To do:
Set down all of the entries word for word, omitting the images they contain.

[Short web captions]
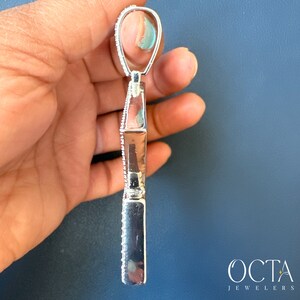 Puede incluir: Un colgante de plata con un dise&ntilde;o geom&eacute;trico, que presenta una fila de peque&ntilde;as piedras transparentes alrededor del per&iacute;metro. El colgante se sostiene en una mano, con la parte posterior del colgante mirando hacia la c&aacute;mara.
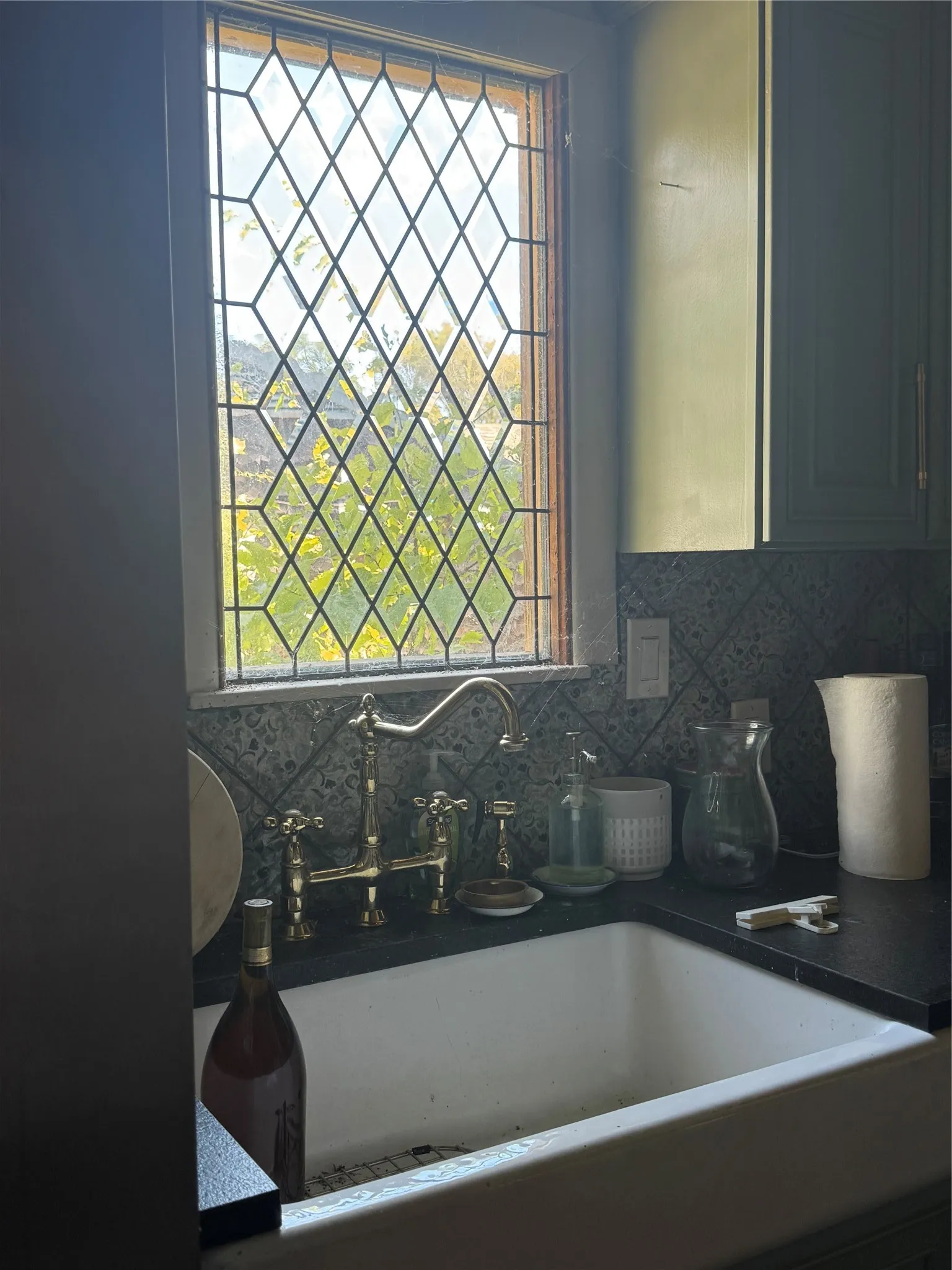 Farmhouse sink with a brass-finish bridge faucet, dark countertop, patterned tile backsplash, and diamond-pane window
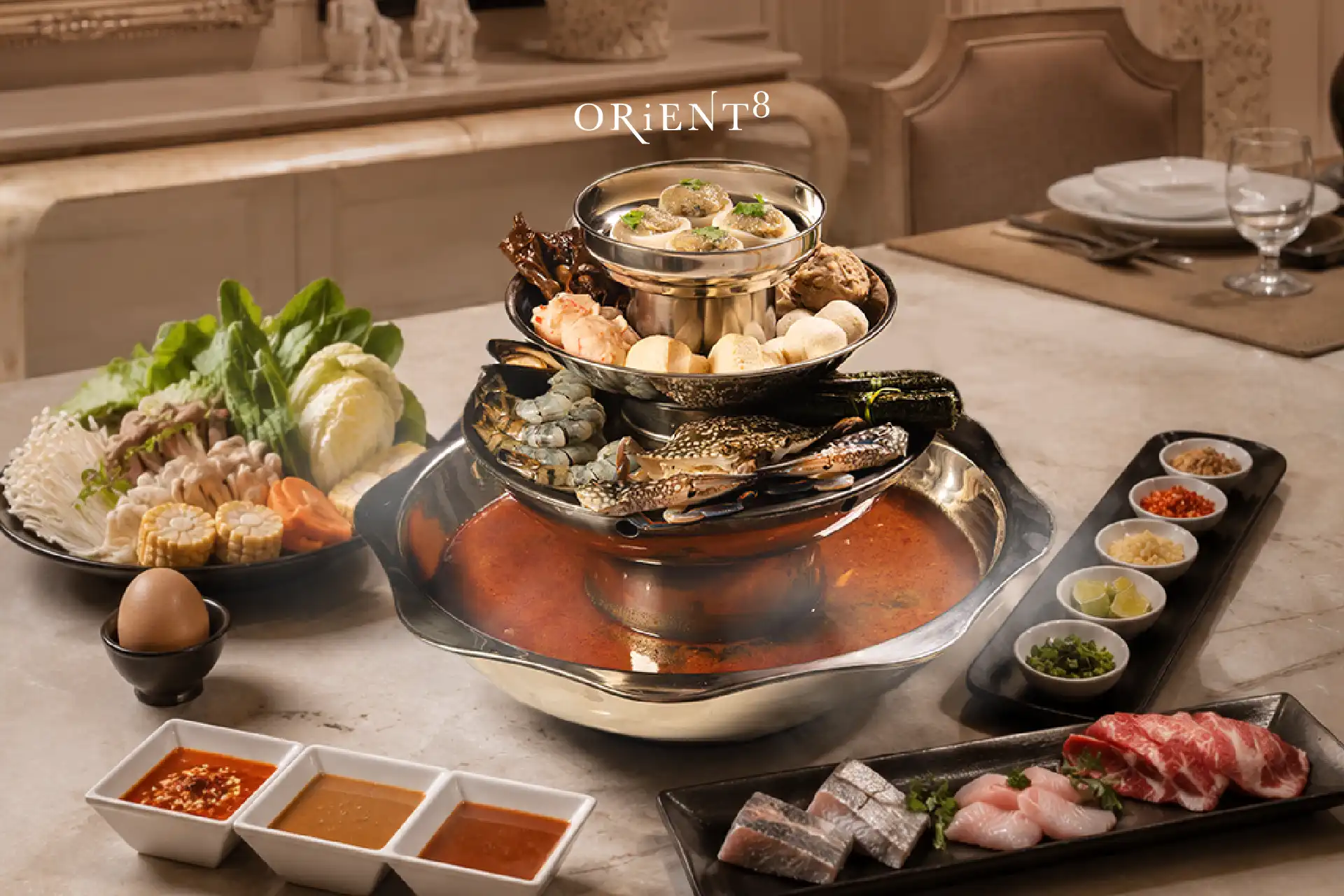 Premium steamboat with fresh seafood, quality meats, vegetables, and rich broth served at Orient8, Hotel Mulia Senayan Jakarta.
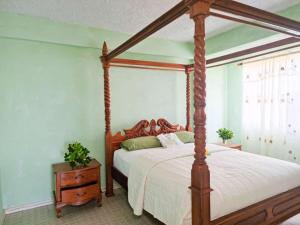 Katil atau katil-katil dalam bilik di Belle View Apartment Villas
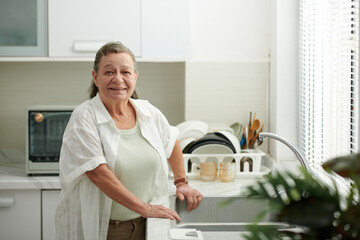 Portrait of smiling senior woman standing at kitchen sink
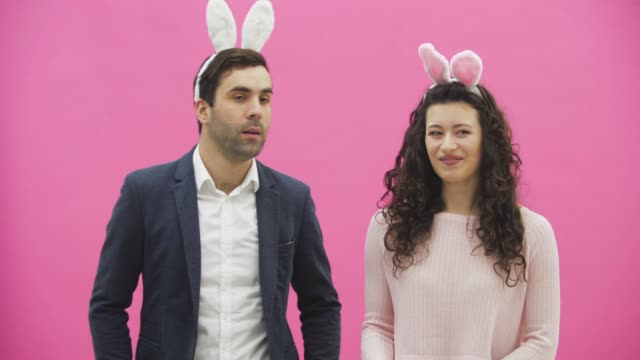 Young-couple-standing-standing-on-pink-background.-During-this-time,-they-are-dressed-in-rabble-ears.-Looking-at-each-other-smiles-sincerely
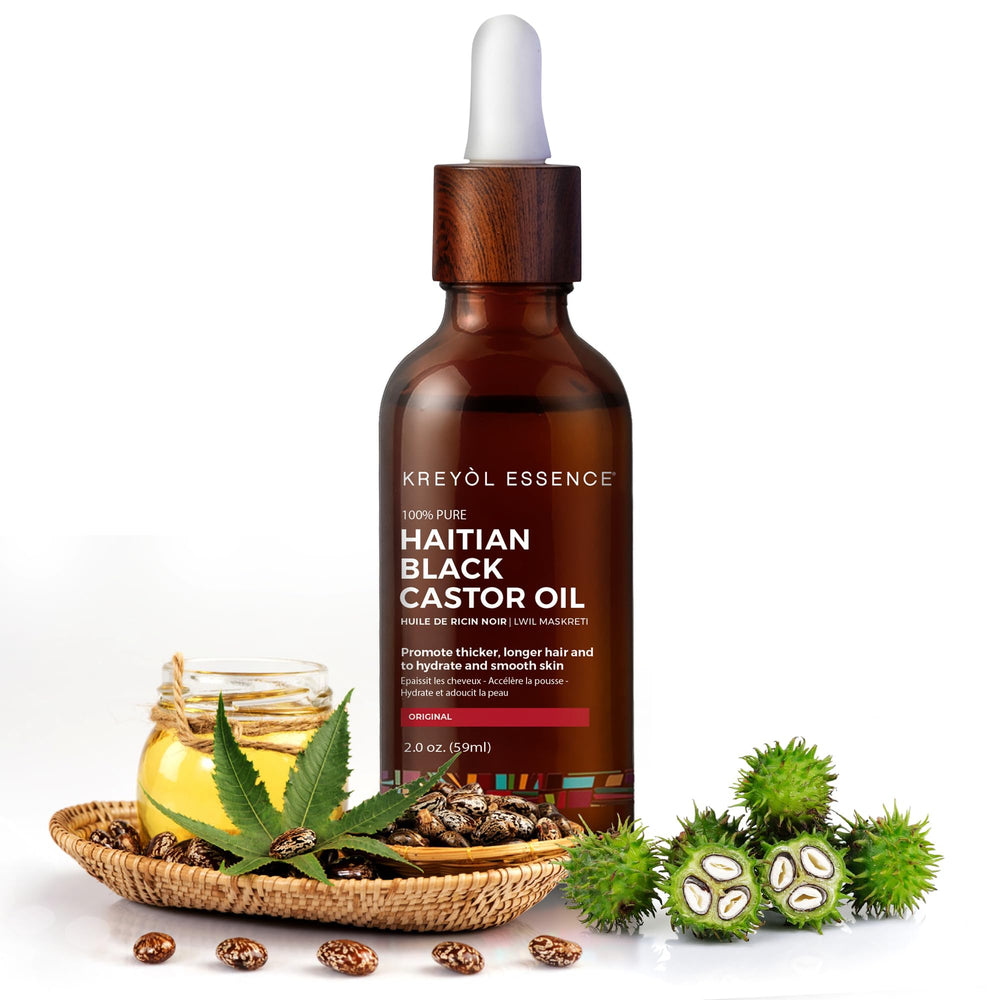KREYÒL ESSENCE bottle highlights rosemary peppermint scent for scalp comfort.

Solution to the problem:
 Puede incluir: Un colgante de plata con un dise&ntilde;o geom&eacute;trico, que presenta una fila de peque&ntilde;as piedras transparentes alrededor del per&iacute;metro. El colgante se sostiene en una mano, con la parte posterior del colgante mirando hacia la c&aacute;mara.
 Farmhouse sink with a brass-finish bridge faucet, dark countertop, patterned tile backsplash, and diamond-pane window
 Premium steamboat with fresh seafood, quality meats, vegetables, and rich broth served at Orient8, Hotel Mulia Senayan Jakarta.
 Katil atau katil-katil dalam bilik di Belle View Apartment Villas
 Portrait of smiling senior woman standing at kitchen sink
 Young-couple-standing-standing-on-pink-background.-During-this-time,-they-are-dressed-in-rabble-ears.-Looking-at-each-other-smiles-sincerely
KREYÒL ESSENCE bottle highlights rosemary peppermint scent for scalp comfort.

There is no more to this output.